_Available data_.
%%
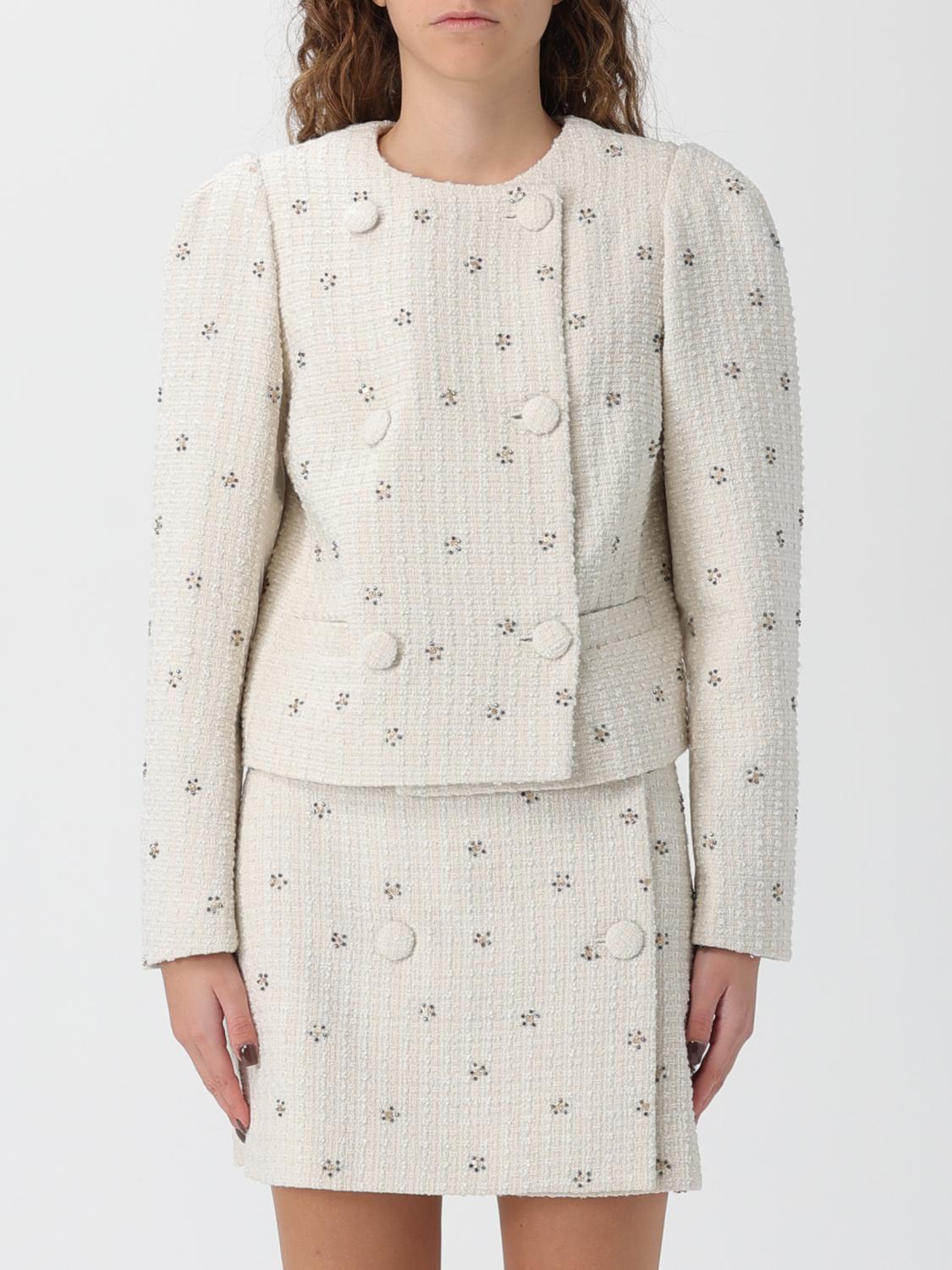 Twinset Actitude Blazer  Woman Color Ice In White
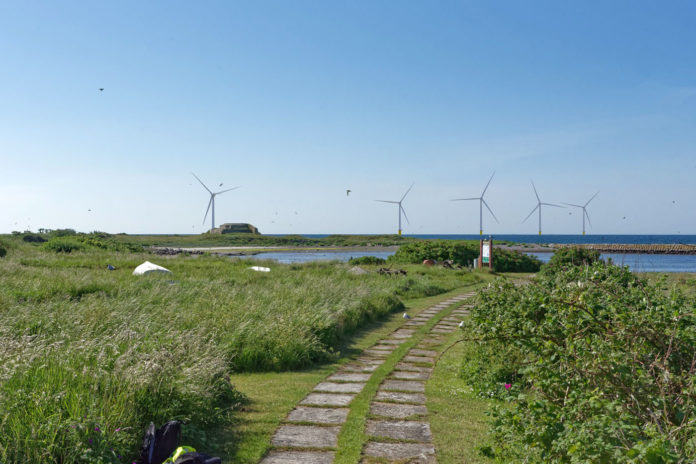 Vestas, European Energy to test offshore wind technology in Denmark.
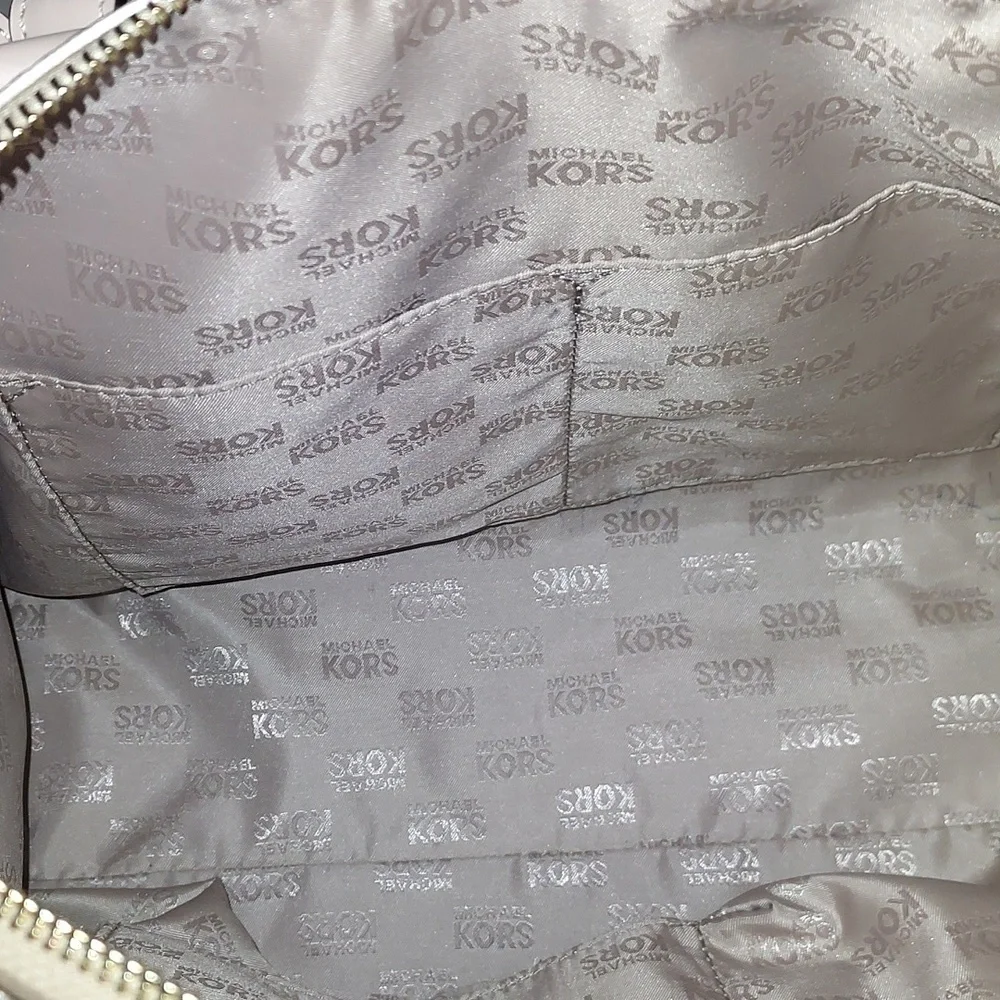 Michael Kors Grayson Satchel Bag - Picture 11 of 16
%%
_What you need to do_.
All of the material above is to be copied exactly, with no pictures.

_Task output_.
 Twinset Actitude Blazer  Woman Color Ice In White
 Vestas, European Energy to test offshore wind technology in Denmark.
 Michael Kors Grayson Satchel Bag - Picture 11 of 16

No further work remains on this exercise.